Time
Click Count
On June 27, 2026, the International Electrotechnical Commission (IEC) released IEC 62209-3:2026, a new measurement procedure for assessing near-field SAR in 3D facial recognition terminals. The update matters to manufacturers of access control equipment, testing and certification service providers, and companies preparing products for the EU, U.S., and China, because it creates a unified testing basis for devices that integrate millimeter-wave or terahertz sensors and links directly to key compliance pathways.

According to the provided information, IEC 62209-3:2026 was officially published by the IEC on June 27, 2026. Its scope is measurement procedures for human exposure to radio-frequency fields from wireless communication devices, with Part 3 focused on near-field SAR evaluation for 3D facial recognition terminals.
The standard is described as the first unified SAR testing protocol for 3D facial recognition access control devices that embed millimeter-wave or terahertz sensors. The same information also states that the standard will serve as a key reference for compliance under the EU RED Directive, U.S. FCC Part 2.1093, and China SRRC certification.
From an industry perspective, manufacturers of 3D facial recognition access control terminals are likely to be the first group affected. The reason is straightforward: once a unified SAR assessment method exists, product design, pre-compliance checks, and certification preparation may need to align more closely with that method. What deserves closer attention is how existing or planned models with millimeter-wave or terahertz sensing functions are documented and prepared for testing.
Testing laboratories, certification bodies, and related service providers may be affected at the execution level. Analysis shows that a formal IEC procedure can influence how test plans are arranged, how technical files are prepared, and how communication with clients is framed around market access requirements tied to RED, FCC Part 2.1093, and SRRC.
For procurement teams and end-use organizations deploying access control systems, the impact may appear in supplier selection and delivery planning. Observably, when a standard is positioned as a key basis for major regulatory frameworks, buyers may place more weight on whether vendors can demonstrate a clear testing and certification path for the relevant markets.
Analysis shows that the headline release of a standard and its use in day-to-day certification work are related but not identical. Companies should track how IEC 62209-3:2026 is cited or applied in practical compliance communication tied to the EU RED Directive, U.S. FCC Part 2.1093, and China SRRC certification.
Manufacturers and product managers should identify which 3D facial recognition access control devices in their portfolio use millimeter-wave or terahertz sensors. What deserves closer attention is whether those products are already in design, validation, or market-entry stages where SAR testing assumptions may need to be revisited.
For operations, compliance, and supply chain teams, a practical focus is document readiness. Observably, when a new unified test protocol becomes relevant to multiple markets, coordination across component suppliers, device integrators, and certification partners can affect submission timing, technical clarification, and delivery expectations.
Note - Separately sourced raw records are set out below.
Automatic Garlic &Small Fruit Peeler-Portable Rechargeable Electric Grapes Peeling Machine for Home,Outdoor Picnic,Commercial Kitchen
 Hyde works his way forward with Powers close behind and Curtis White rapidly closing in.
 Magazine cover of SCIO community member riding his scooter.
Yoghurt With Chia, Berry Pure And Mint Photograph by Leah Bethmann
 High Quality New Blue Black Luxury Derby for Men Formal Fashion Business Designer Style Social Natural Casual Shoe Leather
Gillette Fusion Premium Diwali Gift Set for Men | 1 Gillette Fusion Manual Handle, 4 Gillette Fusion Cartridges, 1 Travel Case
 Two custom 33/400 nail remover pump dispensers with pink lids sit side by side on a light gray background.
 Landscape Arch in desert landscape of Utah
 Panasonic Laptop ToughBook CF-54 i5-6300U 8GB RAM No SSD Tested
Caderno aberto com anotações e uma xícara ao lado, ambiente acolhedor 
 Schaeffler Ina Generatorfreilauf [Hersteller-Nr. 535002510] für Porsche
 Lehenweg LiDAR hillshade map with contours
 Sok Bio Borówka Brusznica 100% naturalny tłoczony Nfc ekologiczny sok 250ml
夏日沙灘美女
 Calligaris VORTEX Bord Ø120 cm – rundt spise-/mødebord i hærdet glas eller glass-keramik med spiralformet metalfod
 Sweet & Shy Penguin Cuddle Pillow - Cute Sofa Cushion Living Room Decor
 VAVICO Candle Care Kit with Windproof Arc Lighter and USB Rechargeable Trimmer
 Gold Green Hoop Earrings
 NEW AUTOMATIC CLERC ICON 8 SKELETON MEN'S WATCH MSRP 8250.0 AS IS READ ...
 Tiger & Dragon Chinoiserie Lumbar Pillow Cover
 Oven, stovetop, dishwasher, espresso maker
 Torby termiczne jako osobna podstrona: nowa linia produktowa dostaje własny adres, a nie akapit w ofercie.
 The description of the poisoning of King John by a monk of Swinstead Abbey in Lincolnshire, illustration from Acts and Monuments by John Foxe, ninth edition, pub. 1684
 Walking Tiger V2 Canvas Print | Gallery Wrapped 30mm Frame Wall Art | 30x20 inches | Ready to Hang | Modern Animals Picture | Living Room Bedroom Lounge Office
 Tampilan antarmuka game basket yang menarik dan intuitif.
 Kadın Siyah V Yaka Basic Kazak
It is more appropriate to understand this release as a concrete compliance signal rather than to assume that all commercial effects are immediate. Companies should distinguish between the publication of the standard itself and the pace at which customers, labs, and regulators incorporate it into active project requirements.
Analysis shows that this development is not just a routine standards update. The key point is that it introduces a unified SAR testing method for a specific device category and is described as relevant to three major compliance systems. That gives it longer-term regulatory significance, even if the full operational effect may unfold over time. It is more appropriate to understand this as a medium- to long-term signal for product compliance planning, while still recognizing that implementation details may require continued observation.
At this stage, the publication of IEC 62209-3:2026 is best understood as a formalization of testing expectations around 3D facial recognition terminals that integrate millimeter-wave or terahertz sensors. For the industry, the practical meaning lies less in immediate market conclusions and more in compliance preparation, certification sequencing, and customer communication across the EU, U.S., and China. The development deserves continued attention, but it should be read with discipline: as a defined standards milestone with likely downstream effects, not as a complete market outcome on its own.
This article is based on the user-provided news title, event date, and event summary. For developments of this kind, common source types typically include official standardization announcements, regulatory references, certification guidance, industry association updates, and authoritative media reporting. The specific official source link was not provided in the input, so further verification remains necessary. Follow-up attention should focus on how IEC 62209-3:2026 is referenced in subsequent compliance guidance, certification practice, and market-facing documentation.